Record set.
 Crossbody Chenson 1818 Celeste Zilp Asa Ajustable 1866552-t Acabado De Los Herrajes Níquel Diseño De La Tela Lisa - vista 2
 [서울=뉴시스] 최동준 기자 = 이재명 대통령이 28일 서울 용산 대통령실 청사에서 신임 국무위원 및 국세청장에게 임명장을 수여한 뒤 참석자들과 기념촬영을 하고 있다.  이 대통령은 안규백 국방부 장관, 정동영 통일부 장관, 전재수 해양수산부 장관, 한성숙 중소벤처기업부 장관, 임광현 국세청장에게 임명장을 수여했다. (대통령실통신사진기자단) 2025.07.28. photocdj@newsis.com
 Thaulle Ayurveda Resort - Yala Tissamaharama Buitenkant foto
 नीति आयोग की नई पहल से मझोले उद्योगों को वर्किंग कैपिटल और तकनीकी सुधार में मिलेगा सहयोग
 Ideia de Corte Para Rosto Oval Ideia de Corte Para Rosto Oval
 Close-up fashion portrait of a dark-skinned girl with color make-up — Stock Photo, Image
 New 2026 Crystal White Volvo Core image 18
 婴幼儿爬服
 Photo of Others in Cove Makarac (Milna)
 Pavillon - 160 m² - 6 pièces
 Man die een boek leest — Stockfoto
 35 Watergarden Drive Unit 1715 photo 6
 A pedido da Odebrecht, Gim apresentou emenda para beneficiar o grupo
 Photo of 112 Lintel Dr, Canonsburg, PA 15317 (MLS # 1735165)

Work item.
Your output should start at the line containing "[서울=뉴시스] 최동준 기자" and stop at the last line of the material, copied exactly, with nothing else.

Result for this exercise.
 [서울=뉴시스] 최동준 기자 = 이재명 대통령이 28일 서울 용산 대통령실 청사에서 신임 국무위원 및 국세청장에게 임명장을 수여한 뒤 참석자들과 기념촬영을 하고 있다.  이 대통령은 안규백 국방부 장관, 정동영 통일부 장관, 전재수 해양수산부 장관, 한성숙 중소벤처기업부 장관, 임광현 국세청장에게 임명장을 수여했다. (대통령실통신사진기자단) 2025.07.28. photocdj@newsis.com
 Thaulle Ayurveda Resort - Yala Tissamaharama Buitenkant foto
 नीति आयोग की नई पहल से मझोले उद्योगों को वर्किंग कैपिटल और तकनीकी सुधार में मिलेगा सहयोग
 Ideia de Corte Para Rosto Oval Ideia de Corte Para Rosto Oval
 Close-up fashion portrait of a dark-skinned girl with color make-up — Stock Photo, Image
 New 2026 Crystal White Volvo Core image 18
 婴幼儿爬服
 Photo of Others in Cove Makarac (Milna)
 Pavillon - 160 m² - 6 pièces
 Man die een boek leest — Stockfoto
 35 Watergarden Drive Unit 1715 photo 6
 A pedido da Odebrecht, Gim apresentou emenda para beneficiar o grupo
 Photo of 112 Lintel Dr, Canonsburg, PA 15317 (MLS # 1735165)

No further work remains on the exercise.